A new decision out of the Middle District of Florida may signal further erosion of the FTC’s authority to seek monetary relief as it sets forth a heightened standard of proof the FTC must satisfy to support its disgorgement calculation. In FTC v. Vylah Tech LLC, the court found Vylah Tech, a small tech company, liable for disseminating false and misleading information regarding its computers. However, the court completely shut down the FTC’s demand for disgorgement of $3,400,000 in Vylah Tech’s purported revenues, awarding the FTC a whopping $0.

In a scathing opinion, the court admonished the FTC’s disgorgement calculation, stating that under the FTC’s current practices, “the disgorgement total is [obviously] a moving target.” First, the court found that the FTC’s calculation—based solely on bank records—was unreasonable. Specifically, the bank records were not specific enough to establish that the requested disgorgement figure “reasonably approximate[d]” the defendant’s unjust gains, as the records did not allow for identification of actual consumer transactions.
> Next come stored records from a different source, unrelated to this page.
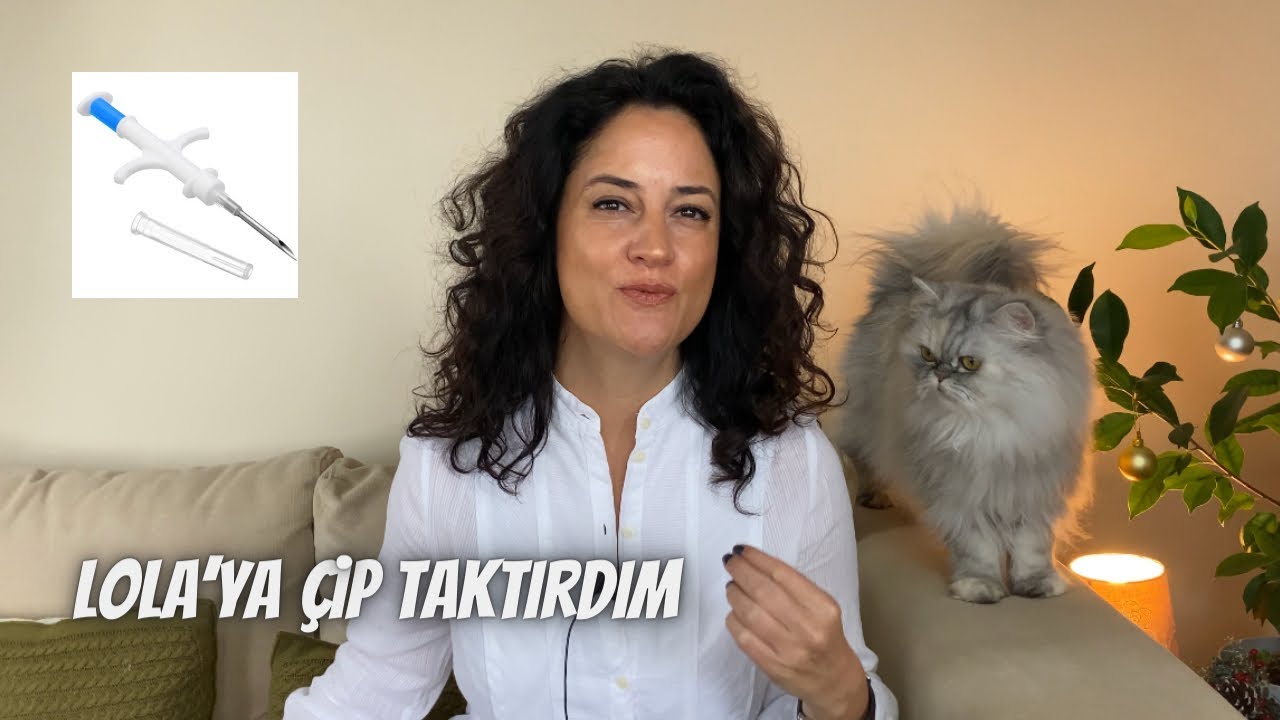 Lola’ya evde nasıl çip taktırdım⁉️Tüm detaylarıyla evcil hayvanlarda çip, son tarih 31.12.2022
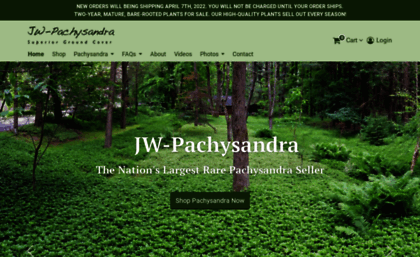 jw-pachysandra.com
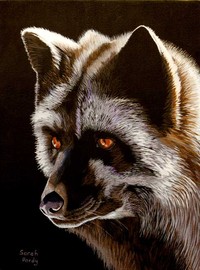 A portrait of a Silver Fox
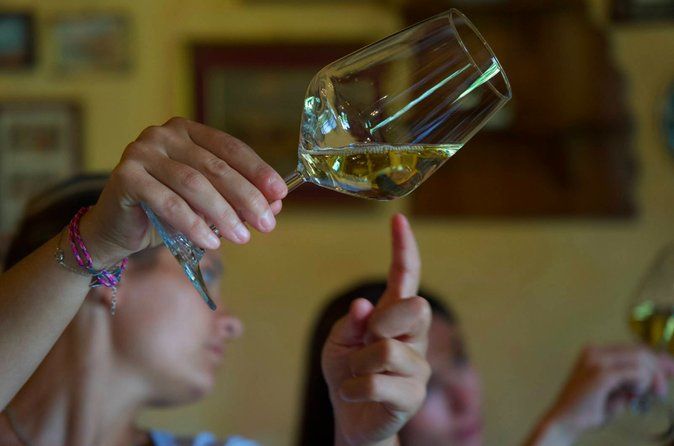 From Rome to the countryside: Private 3-Hour Wine Tasting Tour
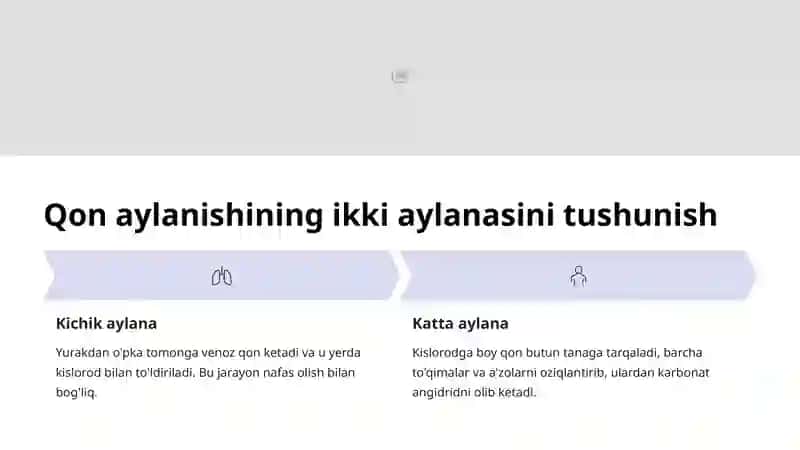 Yurakning qon bilan ta'minlanishi 4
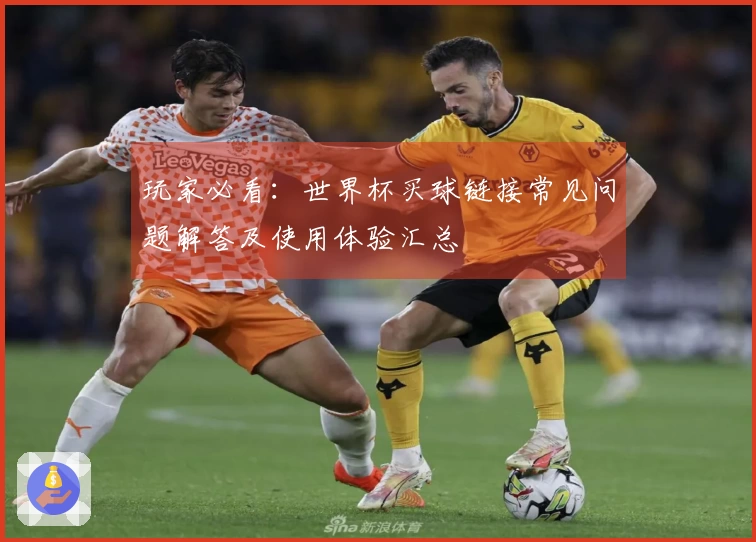 玩家必看：世界杯买球链接常见问题解答及使用体验汇总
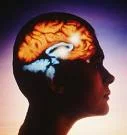 Mental Disorders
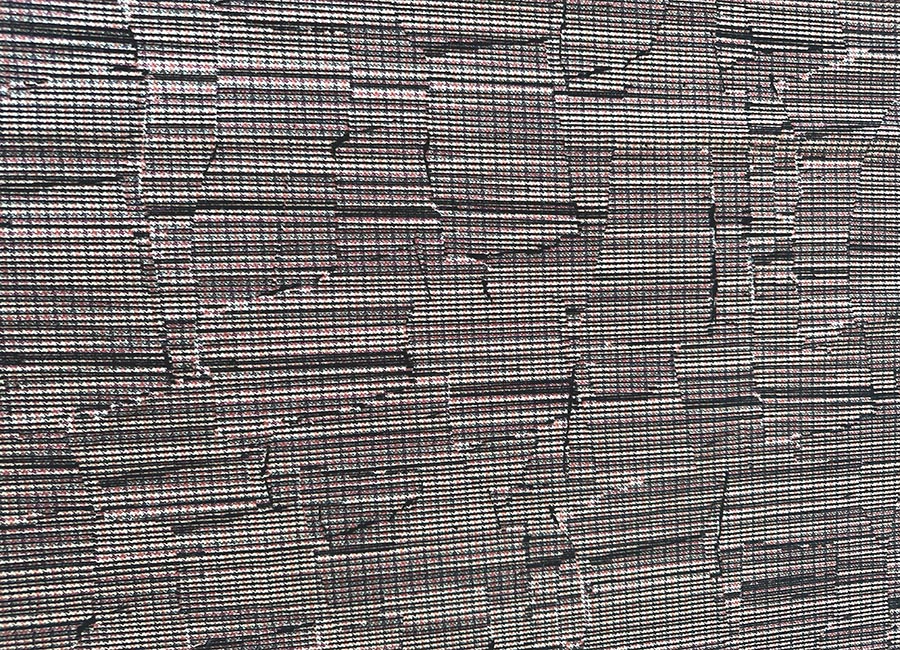 02lione14stampaflockviscosa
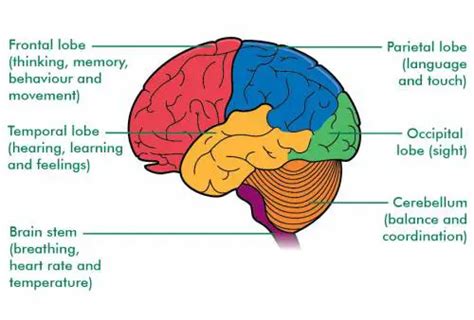 Human Lobes of the Brain: Position and Functions | IYTmed.com
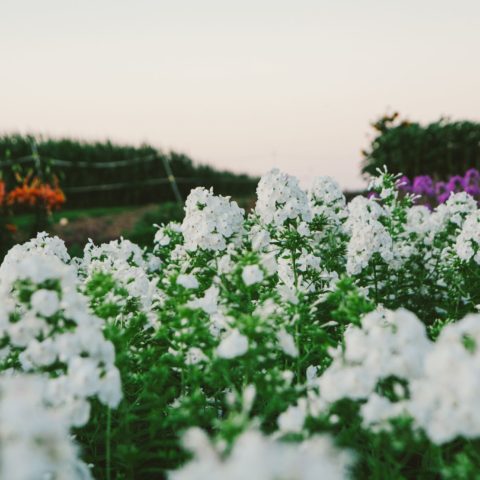 white phlox flowers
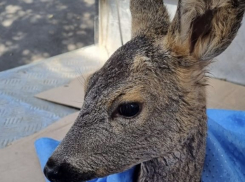 Спасатель из Новороссийска вылечил косулю и выпустил ее на волю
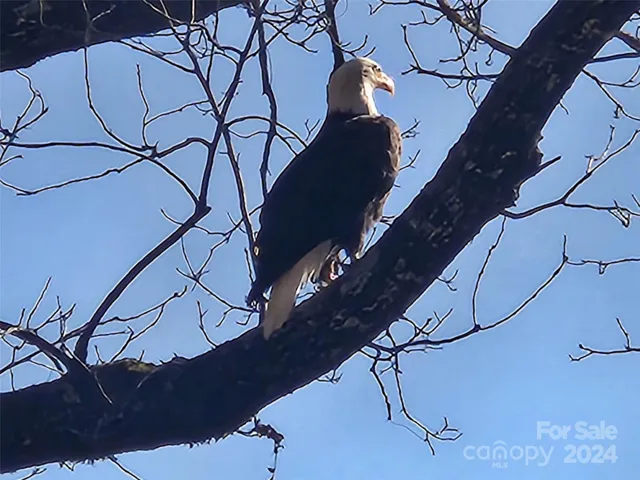 wildlife abounds at DV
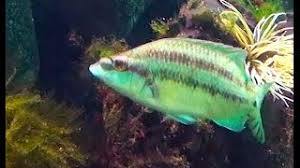 Image result for Symphodus bailloni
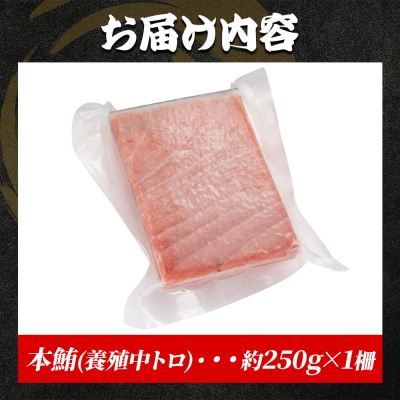 本まぐろ 中トロ 約250g 1冊 養殖 oo-0026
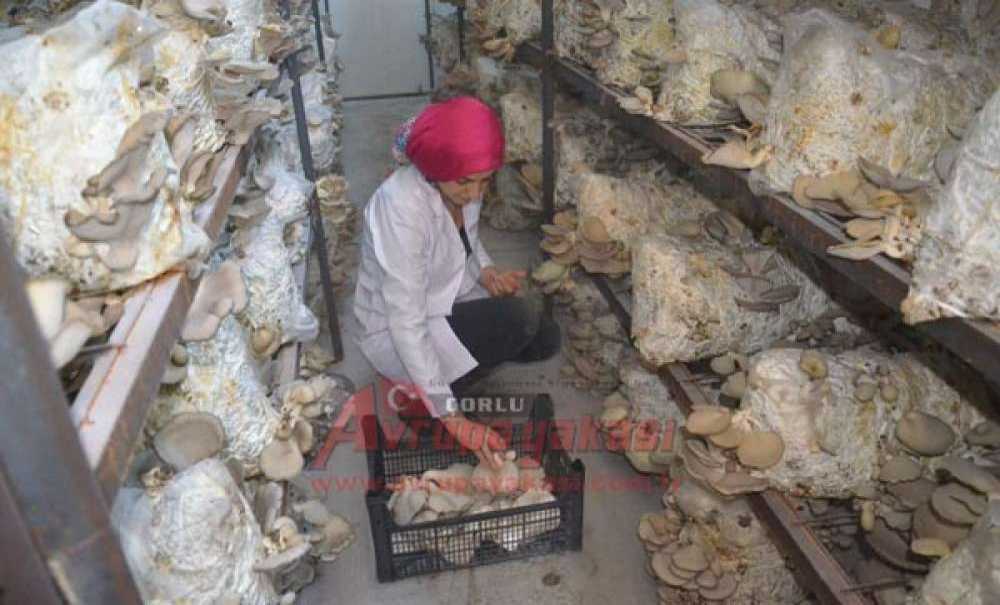 Hobileri İşleri Oldu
The court also took issue with the FTC’s failure to use all available records to determine the total disgorgement figure and to conduct adequate due diligence in collecting all pertinent financial documents. Indeed, the court noted that the FTC’s lack of diligence was particularly questionable, given the fact that Vylah Tech kept specific records of each consumer transaction and made those records available to the FTC. The FTC simply chose not to provide those records to its forensic accountant, undermining its disgorgement calculation.

Perhaps one of the most interesting parts of the court’s ruling was with respect to a non-party. Tech Logic, a company that worked with Vylah Tech, was not named in the complaint, but the FTC still sought to obtain injunctive relief against Tech Logic and disgorgement of its funds earned as part of a common enterprise with Vylah Tech. The court, however, was unwilling to award injunctive relief against a non-party or to include third-party funds in the disgorgement calculation, citing jurisdictional concerns. The court went so far as to conclude that including these non-party funds in the disgorgement calculation was only further indication that the FTC’s disgorgement calculation was unreasonable.

Given the FTC’s failure to consider all information available to it, the improper inclusion of third-party funds, and the lack of precision in its disgorgement calculation, the court ultimately denied the FTC any disgorgement.

This ruling represents a cautionary tale for the FTC that it must “show the receipts” when seeking monetary relief. As the attack on the FTC’s authority to seek monetary relief rages on, it will be interesting to see if other courts follow the Vylah Tech court’s lead.